◆ Task to complete ◆
Line by line, copy the entries exactly, excluding the pictures.
[Opening Records shown section]
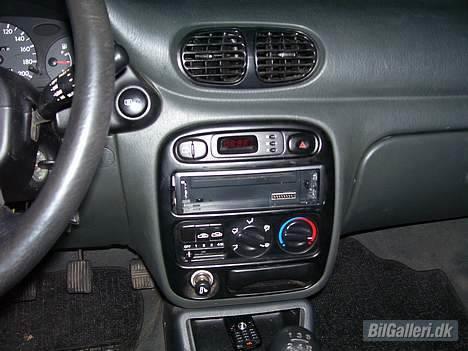 Hyundai Accent GS billede 8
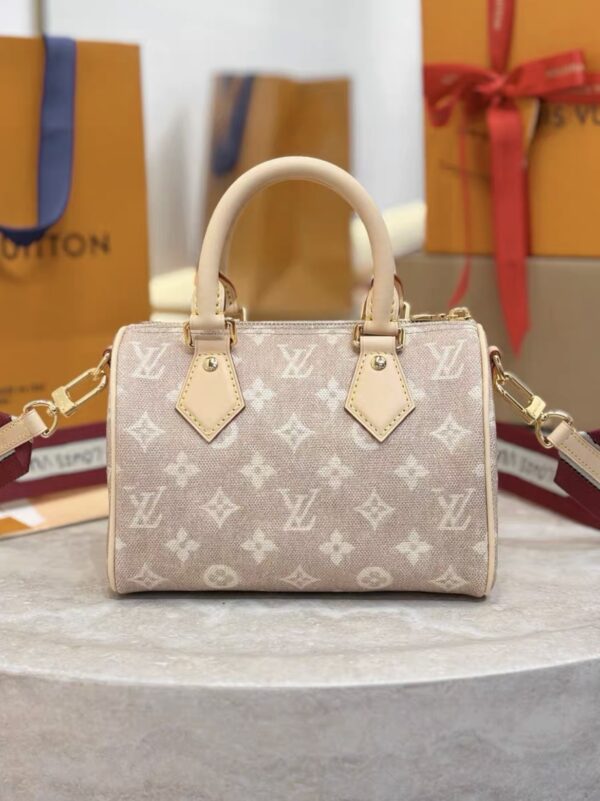 LV X Grace Coddington Speedy 20cm M5151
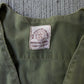 Vintage 1950s/60s Boy Scouts Sanforized Patch Shadow Shirt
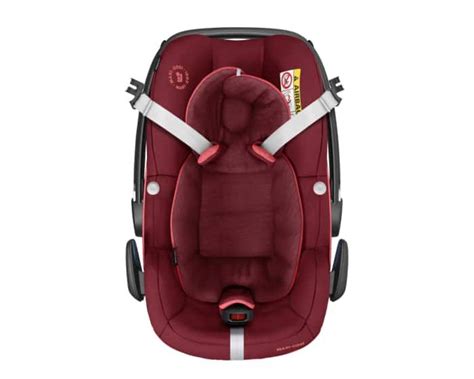 Maxi-Cosi Pebble Pro | 113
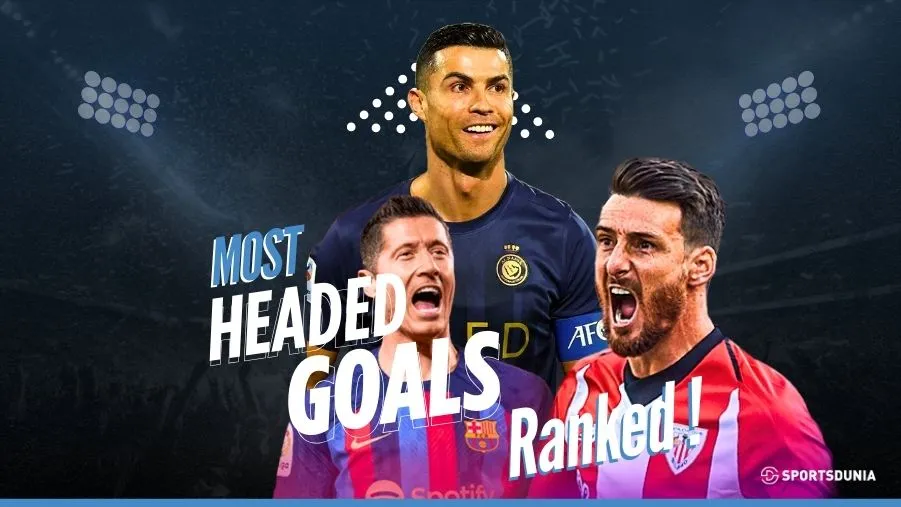 Players With Most Headed Goals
[Closing Records shown section]
◆ Output below ◆
 Hyundai Accent GS billede 8
 LV X Grace Coddington Speedy 20cm M5151
 Vintage 1950s/60s Boy Scouts Sanforized Patch Shadow Shirt
 Maxi-Cosi Pebble Pro | 113
 Players With Most Headed Goals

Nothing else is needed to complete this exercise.